[Stored dataset items]
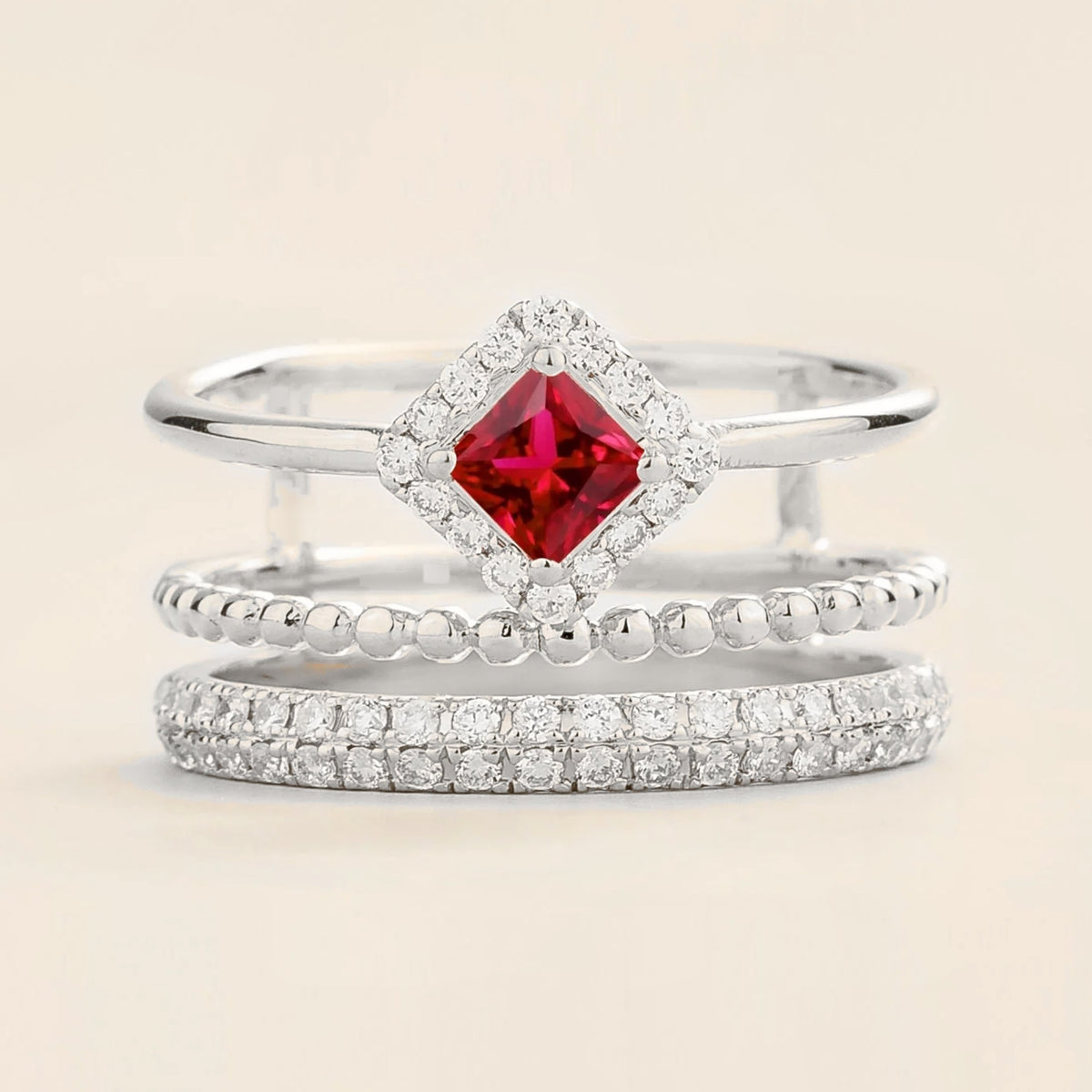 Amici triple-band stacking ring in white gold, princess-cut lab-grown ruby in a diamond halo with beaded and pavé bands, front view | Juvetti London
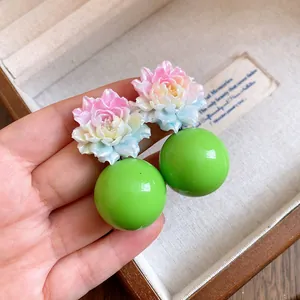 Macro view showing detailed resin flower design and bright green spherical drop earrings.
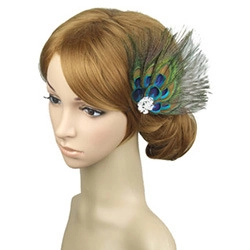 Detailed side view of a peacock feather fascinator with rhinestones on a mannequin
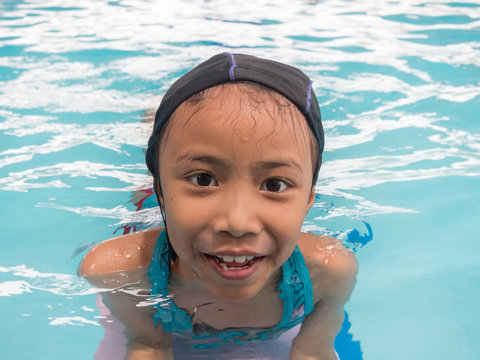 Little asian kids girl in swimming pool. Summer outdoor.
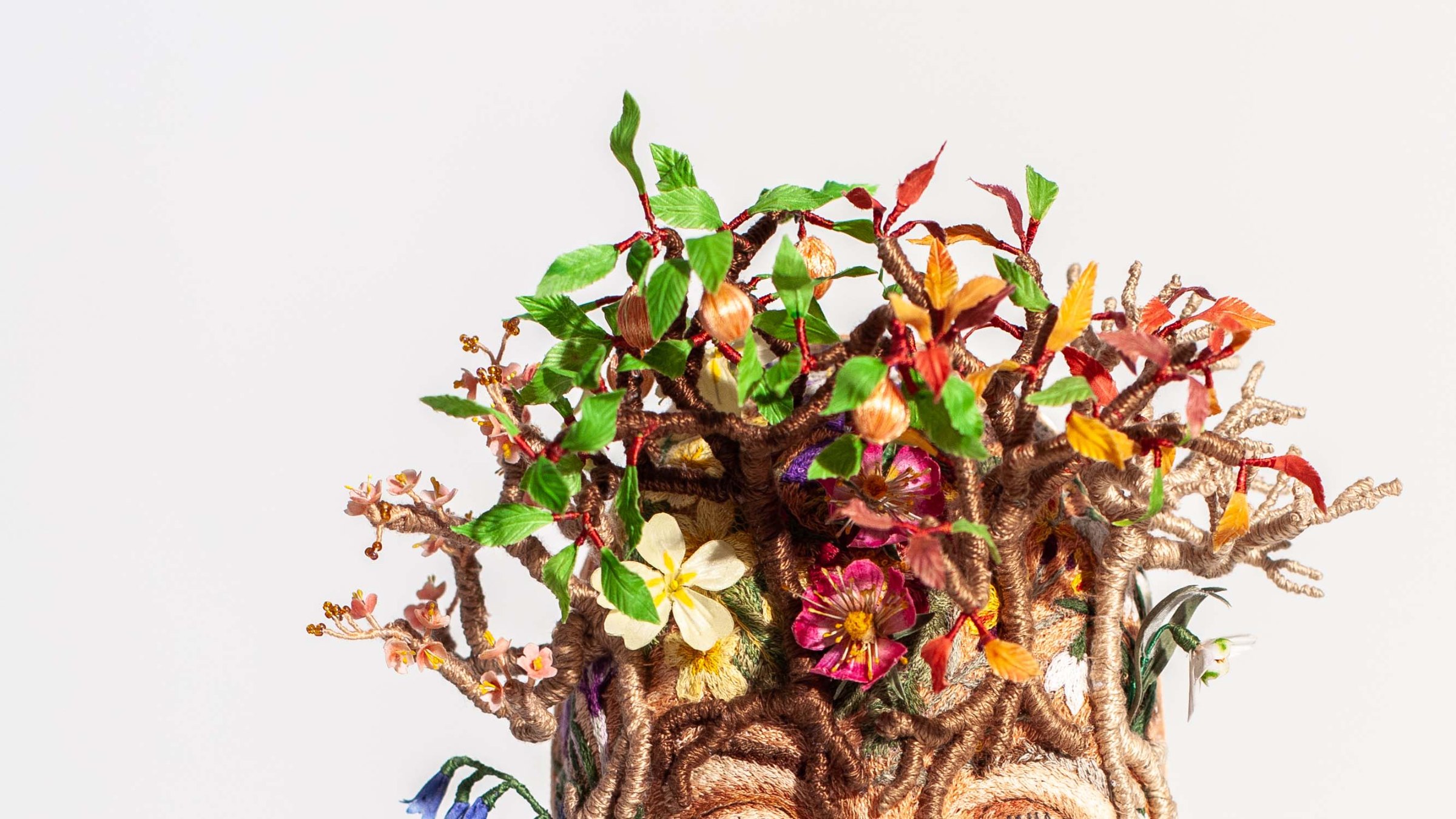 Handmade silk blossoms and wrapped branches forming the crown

• [TASK OBJECTIVE] Please output every record above exactly. Leave the pictures out.

• [REPLY TO THE TASK]
 Amici triple-band stacking ring in white gold, princess-cut lab-grown ruby in a diamond halo with beaded and pavé bands, front view | Juvetti London
 Macro view showing detailed resin flower design and bright green spherical drop earrings.
 Detailed side view of a peacock feather fascinator with rhinestones on a mannequin
 Little asian kids girl in swimming pool. Summer outdoor.
 Handmade silk blossoms and wrapped branches forming the crown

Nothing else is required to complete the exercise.